浴びせられる怨嗟の言葉は、フローラの心を傷つけていた。そして、フローラを守って矢面に立ち、ジャネットが傷ついていくこと、それが何よりフローラには辛かったのかもしれない。

「娘を……頼みます」

 デニスは軽く咳きながら、隣に立つ銀龍に頭を下げた。

 さすがに夜明け前の空気の冷たさは、体にこたえるようだ。

「ご心配なく。危険な目には会わせませんから」

「あら、私、本当に優秀ですのよ? お姉さまが凄すぎるだけ」

 フローラは口をとがらせる。

「ラスアとグルマスが守ってくれるわ。あなたが優秀なのはわかっているけど、過信しないでね」

 ジャネットはそう言いながら、銀龍の後ろに控えていたラスアとグルマスに、頭を下げた。

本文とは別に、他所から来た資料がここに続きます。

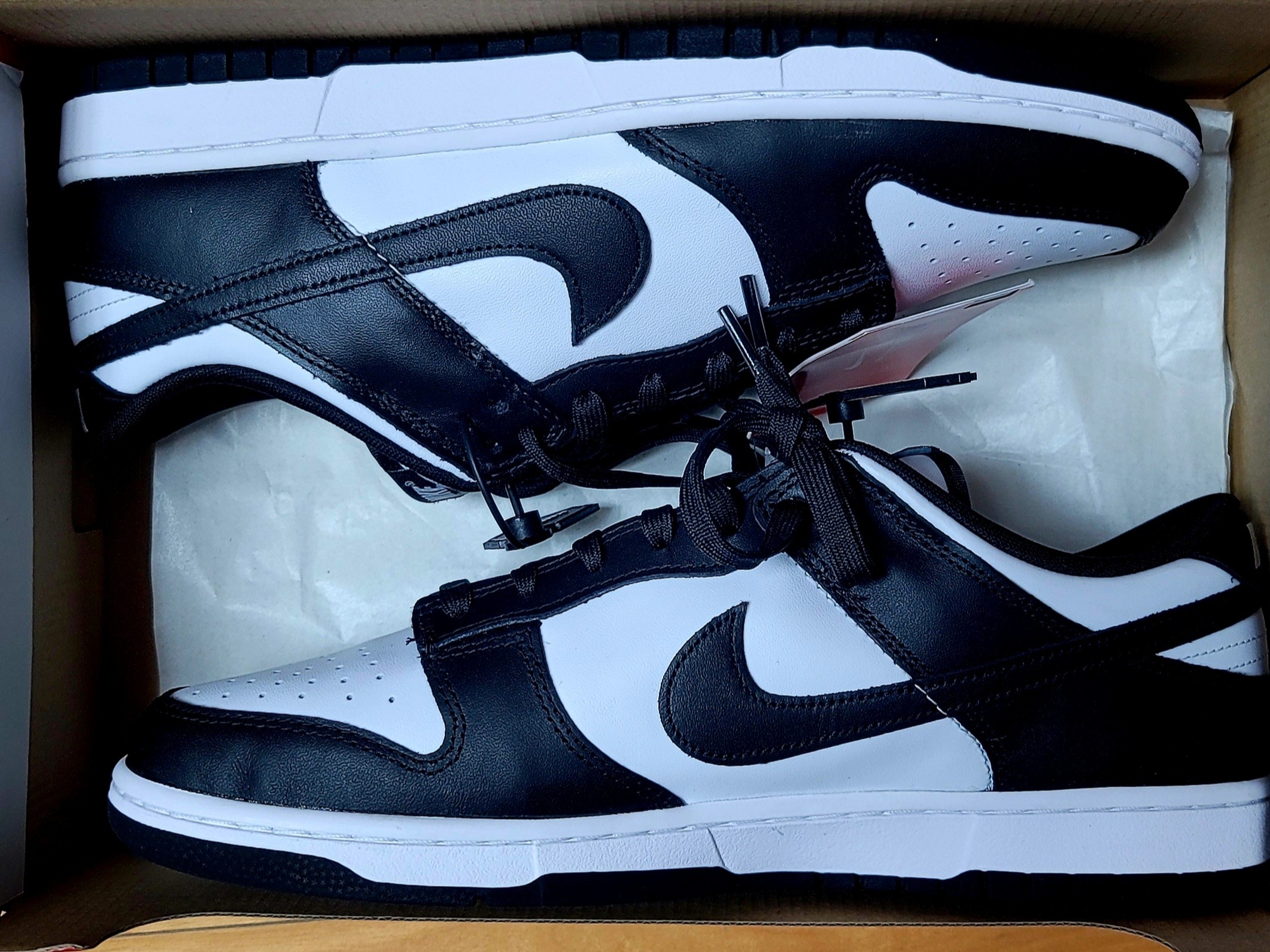 Nike Dunk Low Retro Black 착용 스타일 - 1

「お姉さまこそ、無茶をしないで。私よりよほど無茶なんだから。お父さまも、早くベッドでおやすみください」

「魔術師殿は、確かに無茶な人だ」

 くすり、と銀龍が笑う。

「しかし、だからこそ世界が動く。あなたと世界を動かせること、嬉しく思います」

「世界は変わるかしら」

 ジャネットは呟く。

「変わります。あなたが望むなら。暁天の空がやがて青く澄み渡るように」

 仰いだ空の星が、しだいに遠くなる。夜明けが近い。

「信じたいわ」

 ジャネットは微笑む。すべてが変わり始めることを、信じて。